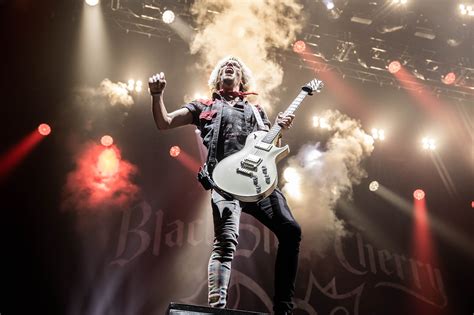 live review black stone cherry and the darkness ovo arena wembley london distorted sound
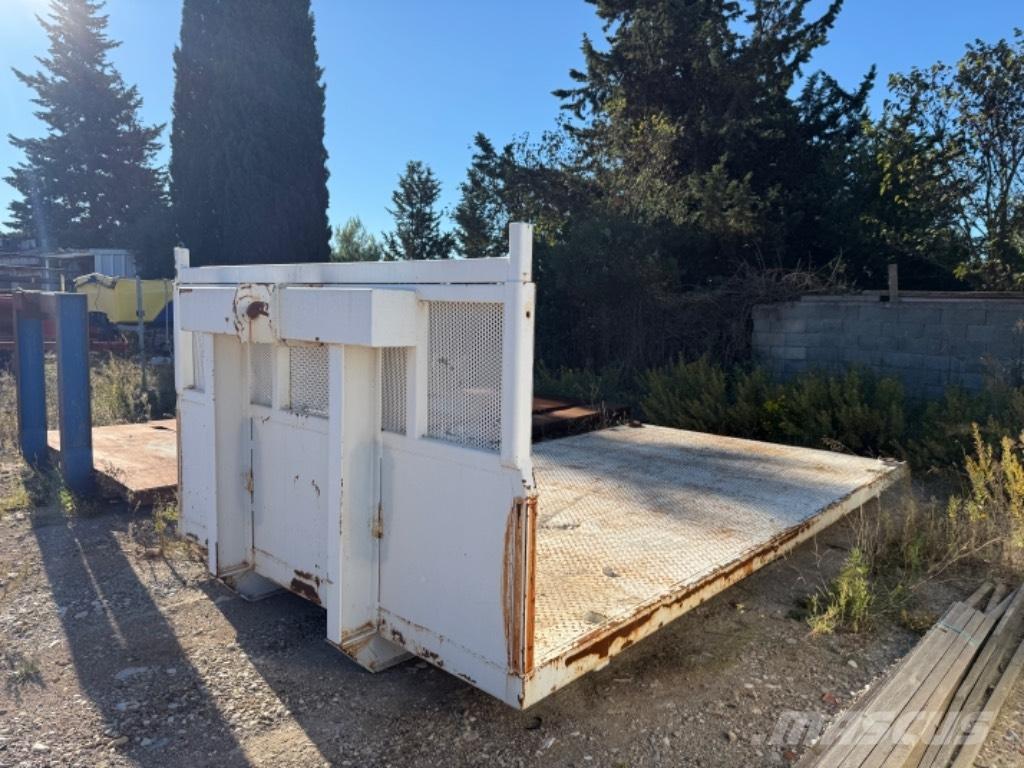 Benne ampiroll شاحنات الرافعات الخطافية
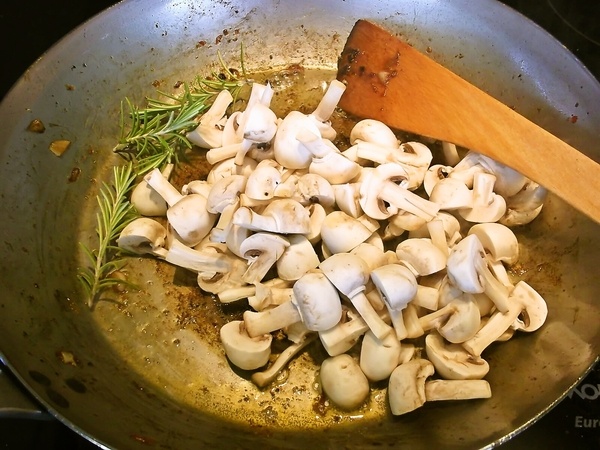 Hovädzia nožina so sušenými paradajkami a hubami (fotorecept) - obrázok 5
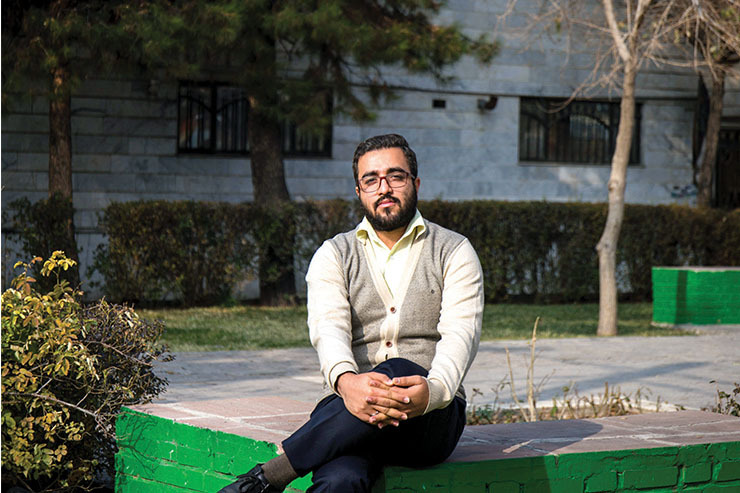 به مناسبت ۱۶ آذر، روز دانشجو، مهمان ابوالفضل خیابانی تنها متولد سال ١٣٧٢، دانشجوی فعال و دغدغه‌مند محله کارمندان اول هستیم تا از اقداماتش برایمان بگوید.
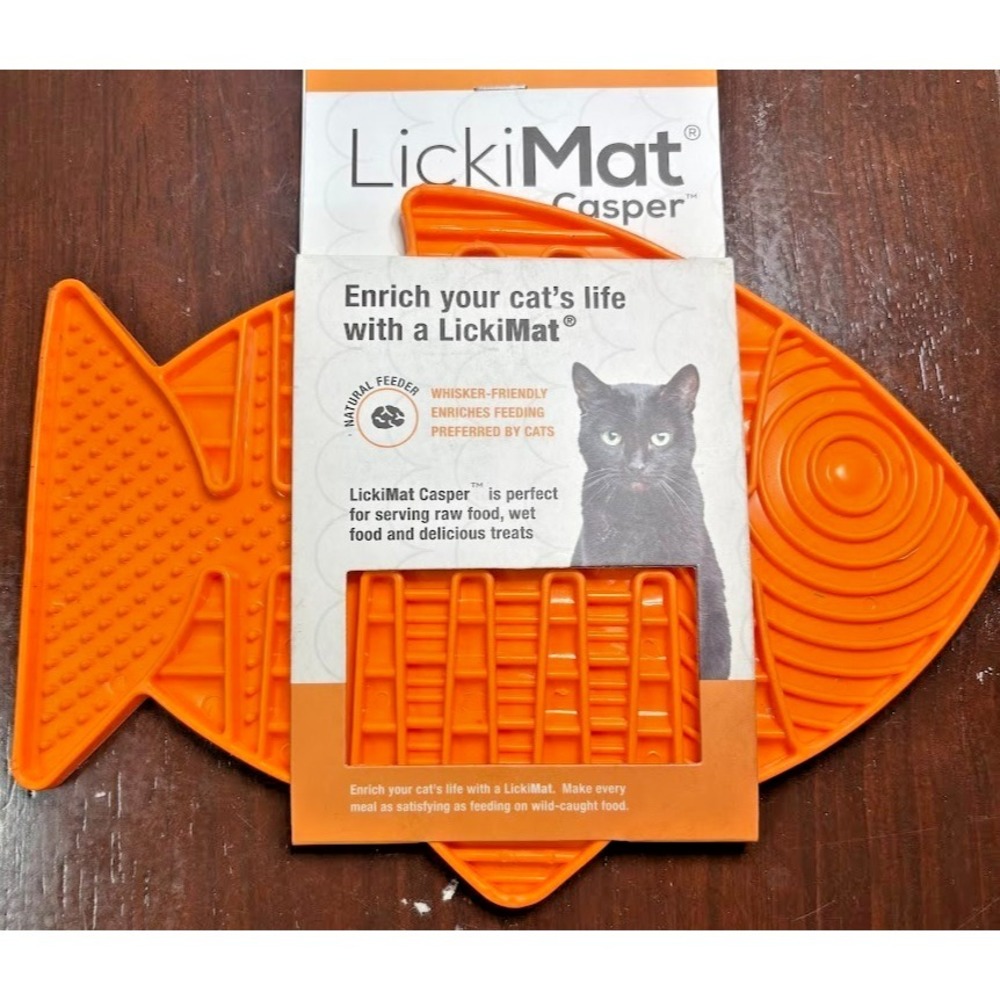 LickiMat Casper, Fish-Shaped Cat Slow Feeders Lick‎ Mat Boredom Anxiety Reduce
━━━━━━━━
**REQUIRED WORK**
As you output the material, omit the pictures but alter nothing else.

**OUTPUT FOR THIS TASK**
 live review black stone cherry and the darkness ovo arena wembley london distorted sound
 Benne ampiroll شاحنات الرافعات الخطافية
 Hovädzia nožina so sušenými paradajkami a hubami (fotorecept) - obrázok 5
 به مناسبت ۱۶ آذر، روز دانشجو، مهمان ابوالفضل خیابانی تنها متولد سال ١٣٧٢، دانشجوی فعال و دغدغه‌مند محله کارمندان اول هستیم تا از اقداماتش برایمان بگوید.
 LickiMat Casper, Fish-Shaped Cat Slow Feeders Lick‎ Mat Boredom Anxiety Reduce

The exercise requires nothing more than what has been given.